### What to produce
What you should give back is a precise copy of the lines below from the one containing "Paigton pier Devon UK drone aerial view" through the one containing "Bright orange pumpkin, isolated", with no pictures.

### Data under study
=-=-=

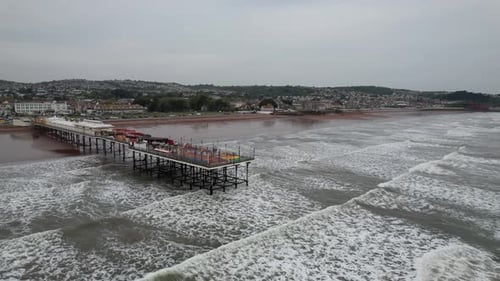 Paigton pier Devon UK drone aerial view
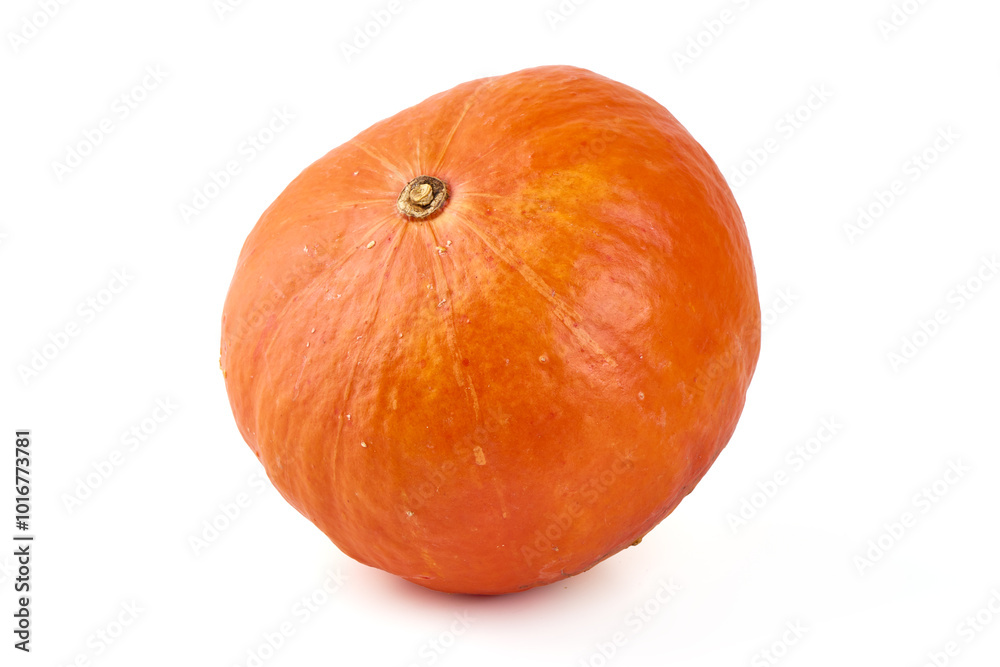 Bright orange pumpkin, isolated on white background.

=-=-=

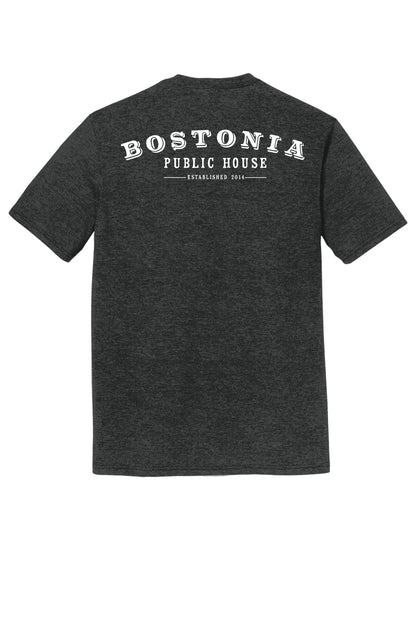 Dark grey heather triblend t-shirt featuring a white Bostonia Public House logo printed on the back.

=-=-=

### Response to the task
 Paigton pier Devon UK drone aerial view
 Bright orange pumpkin, isolated on white background.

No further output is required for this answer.